Problem description —
With pictures left out, copy exactly every line from the one containing "Мінівен Opel Zafira 2013 в" through the end of the material.

Supplied data —
--- START ---

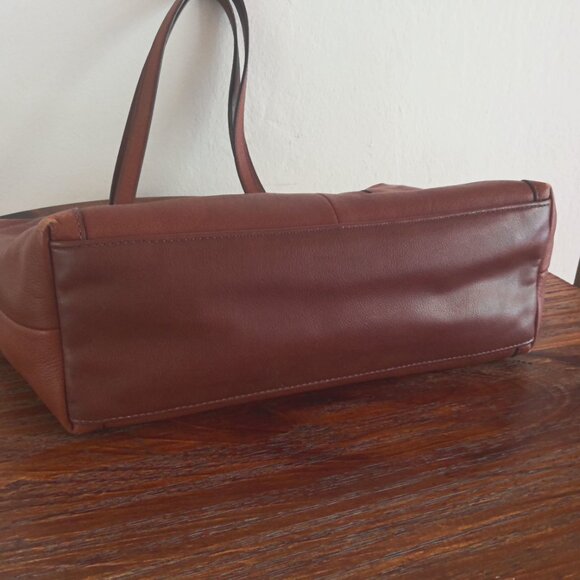 Genuine Leather Fossil Tote EUC - Picture 8 of 12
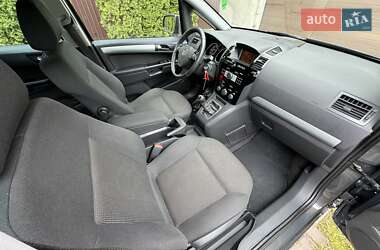 Мінівен Opel Zafira 2013 в 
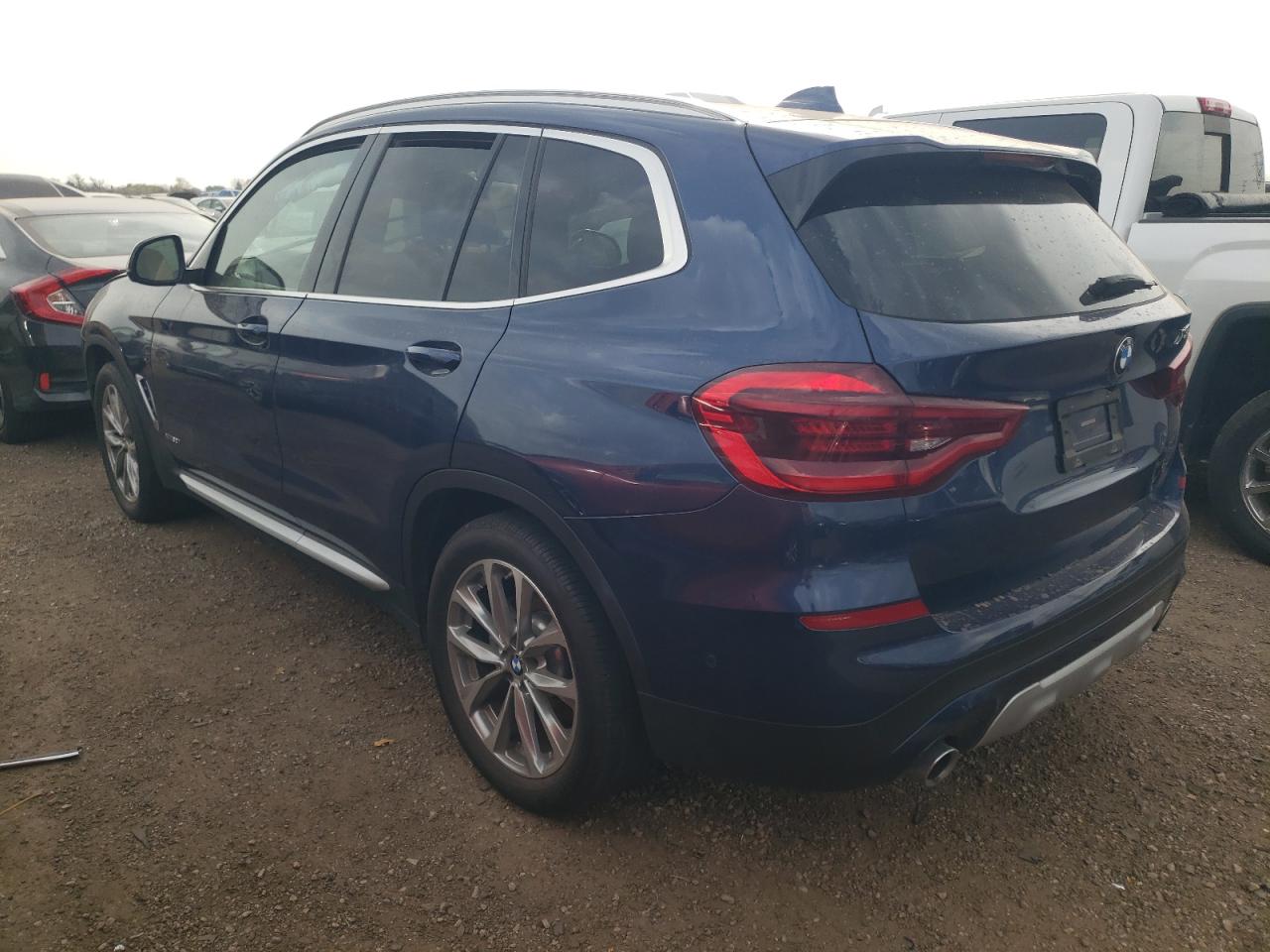 VIN 5UXTR9C50JLD63589 2018 BMW X3 no.2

--- END ---

Task result —
 Мінівен Opel Zafira 2013 в 
 VIN 5UXTR9C50JLD63589 2018 BMW X3 no.2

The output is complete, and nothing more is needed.